Nasib sampah elektronik, bisa didaur ulang atau tidak?
Sampah elektronik akan semakin menumpuk, yang bisa menyebabkan pencemaran lingkungan dan kesehatan manusia dalam jangka waktu panjang.
Source: Tehran Times
Teknologi sudah menjadi bagian yang tak terpisahkan dalam setiap aspek kehidupan kita. Sayangnya, kemajuan teknologi di lain sisi memperpendek masa pakai perangkat elektronik. Harga yang lebih murah dan lebih mudah didapat, membentuk kebiasaan orang untuk lebih memilih membeli perangakat baru daripada memperpanjang masa pakai perangkat itu sendiri.
Ini juga sejalan dengan produsen perangkat elektronik yang terus memperbarui desain atau perangkat lunak dan menghentikan dukungan untuk model lama. Lalu apa dampak negatifnya? Tentu saja limbah atau sampah elektronik akan semakin menumpuk, yang bisa menyebabkan pencemaran lingkungan dalam jangka waktu panjang.
Penanganan sampah elektronik atau yang disebut dengan e-waste tidak semudah mendaur ulang sampah organik dan non-organik. Founder dan CEO Seasoldier, Dinni Septianingrum mengatakan bahwa e-waste termasuk dalam kategori limah B3 (bahan berbahaya dan beracun).
Seperti tim Tek.id rangkum dari laman Jakarta.go.id, limbah B3 yang masuk ke lingkungan akan mengakibatkan asidifikasi tanah atau kondisi tanah rusak dan tidak bisa digunakan untuk bercocok tanam maupun dijadikan hunian. Kandungan zat-zat kimia yang ada di dalam limbah B3 juga dapat mencemari air dan udara, sehingga mengancam kesehatan manusia.
Untuk melakukan daur ulang limbah elektronik yang benar secara formal biasanya melibatkan pembongkaran barang elektronik, memisahkan, dan mengelompokkan isinya berdasarkan material, lalu membersihkannya. Item-item tersebut kemudian diparut secara mekanis untuk penyortiran lebih lanjut dengan teknologi pemisahan canggih.
Di Indonesia sendiri, mendaur ulang barang elektronik sudah difasilitasi oleh pemerintah.
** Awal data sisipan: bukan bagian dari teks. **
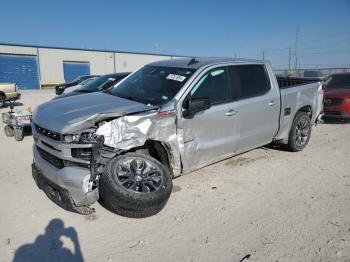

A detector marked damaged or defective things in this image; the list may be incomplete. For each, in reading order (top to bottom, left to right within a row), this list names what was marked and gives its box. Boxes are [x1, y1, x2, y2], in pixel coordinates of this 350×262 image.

crumpled hood [33, 91, 158, 133]
crushed front bumper [32, 145, 98, 215]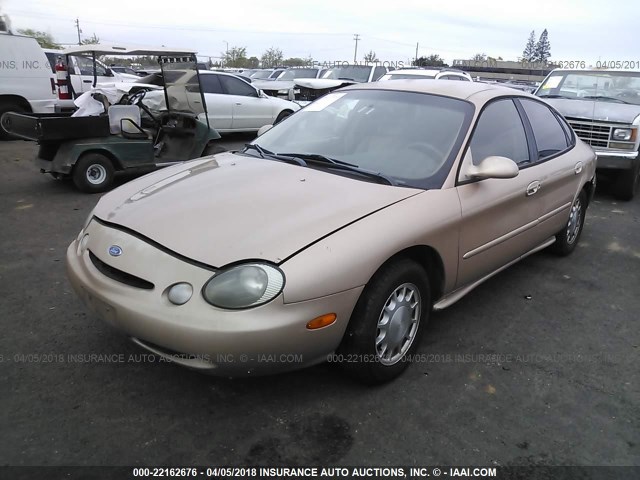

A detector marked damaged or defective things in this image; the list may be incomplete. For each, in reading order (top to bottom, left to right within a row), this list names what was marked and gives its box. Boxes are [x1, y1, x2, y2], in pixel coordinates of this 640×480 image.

crumpled car hood [540, 97, 640, 123]
crumpled car hood [91, 153, 420, 266]
damaged car [66, 81, 596, 382]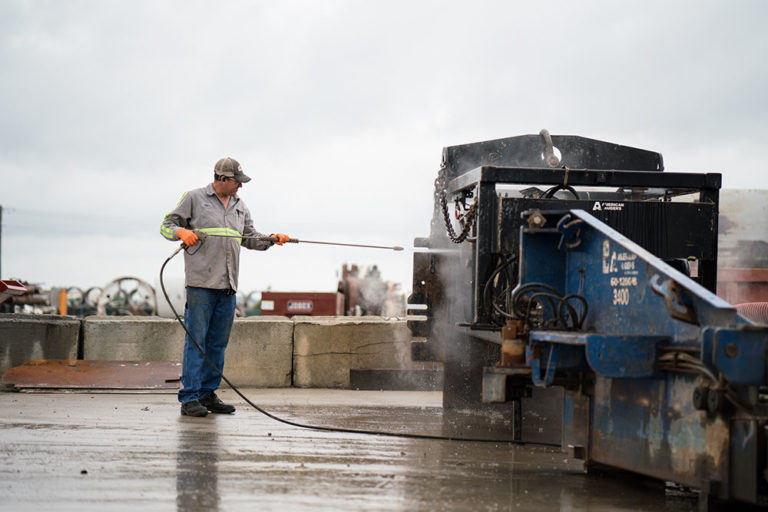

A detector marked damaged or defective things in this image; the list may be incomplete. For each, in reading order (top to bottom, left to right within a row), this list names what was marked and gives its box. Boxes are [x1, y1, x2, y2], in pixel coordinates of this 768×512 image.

rusted metal plate [1, 358, 182, 394]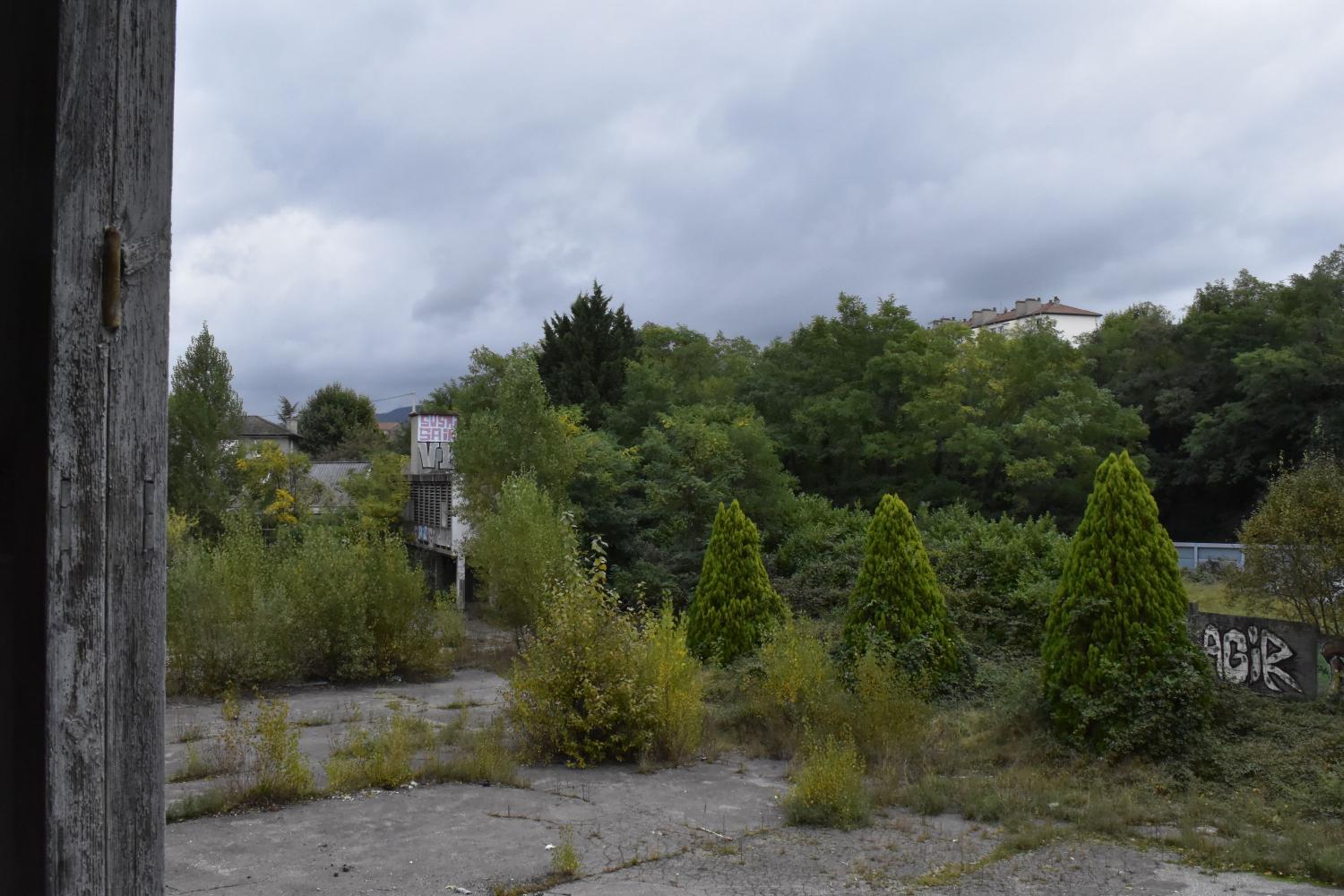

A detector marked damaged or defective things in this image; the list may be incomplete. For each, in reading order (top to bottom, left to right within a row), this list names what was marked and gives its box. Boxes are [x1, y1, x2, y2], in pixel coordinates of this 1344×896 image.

cracked concrete ground [166, 670, 1344, 892]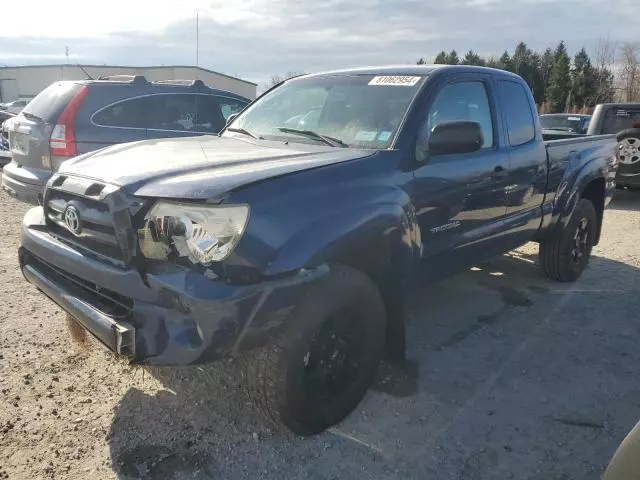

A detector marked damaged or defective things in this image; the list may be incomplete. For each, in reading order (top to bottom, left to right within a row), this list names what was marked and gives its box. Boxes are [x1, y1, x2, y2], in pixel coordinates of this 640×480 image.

damaged front bumper [18, 208, 330, 366]
broken headlight [139, 201, 249, 264]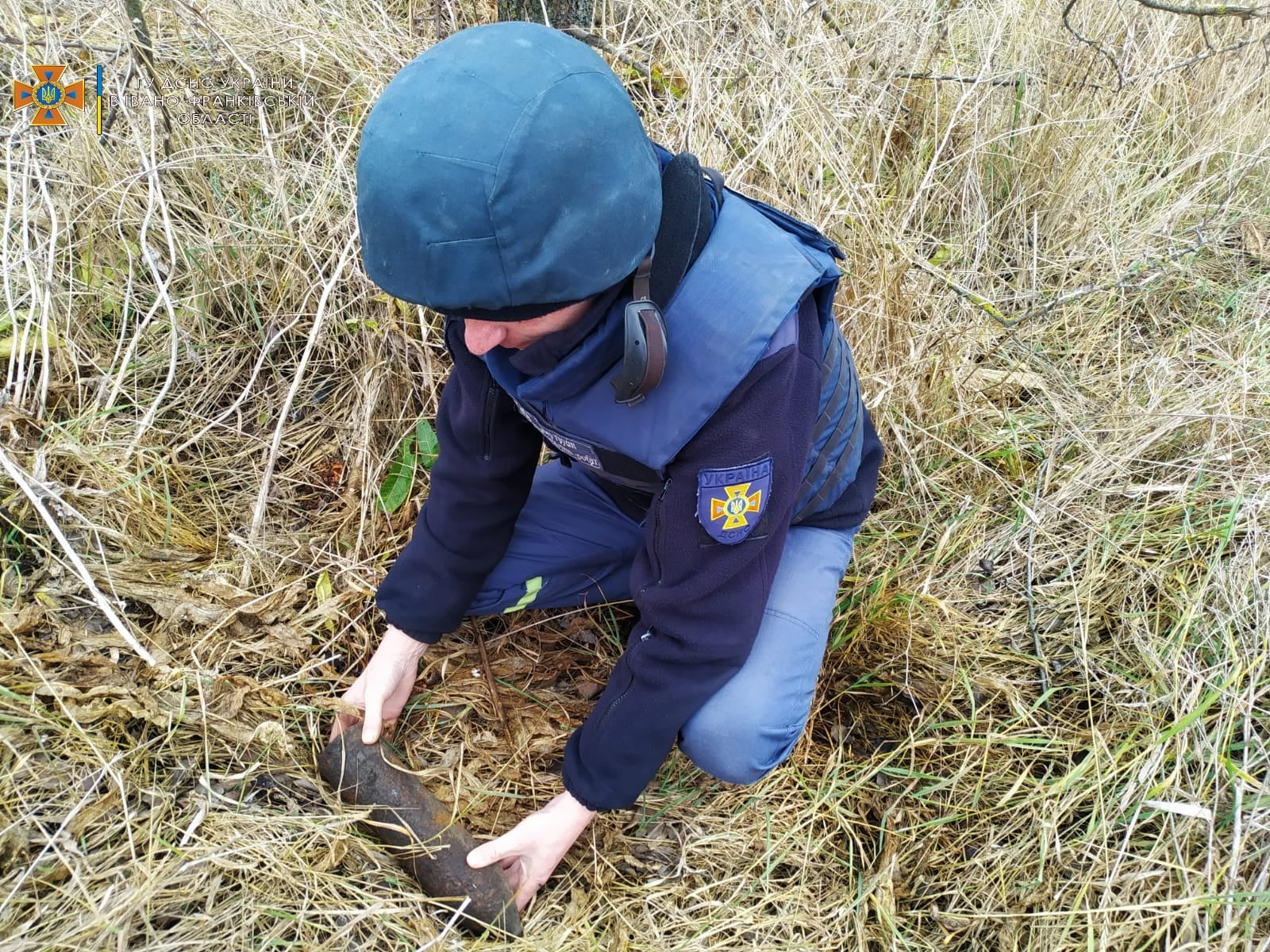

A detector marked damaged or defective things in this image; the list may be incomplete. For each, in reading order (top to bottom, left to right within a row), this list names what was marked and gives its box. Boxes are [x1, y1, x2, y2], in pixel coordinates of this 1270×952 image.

corroded ordnance [321, 730, 524, 939]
Dinas Lingkungan Hidup Provinsi DKI Jakarta, misalnya, menawarkan layanan penjemputan limbah elektronik.
Metode lain yang mungkin lebih mudah kita lakukan sebagai pengguna dalam mengurangi e-waste adalah memperpanjang masa pakai perangkat elektronik. Seperti ponsel dan laptop misalnya, gunakan dengan bijak agar dapat bertahan hingga umur maksimalnya.
Selain itu, kini sudah banyak perusahaan teknologi yang mulai sadar akan kelestarian lingkungan, dengan memegang teguh konsep berkelanjutan dalam membuat suatu produk.
"Makanya sebisa mungkin elektronik itu kita jaga supaya life spent-nya itu tinggi," ujar Dinni. "Contoh smartphone atau laptop sekarang sudah mulai tidak ada charger-nya kan, itu kita diajarkan berhemat dan menggunakan ulang selama mungkin."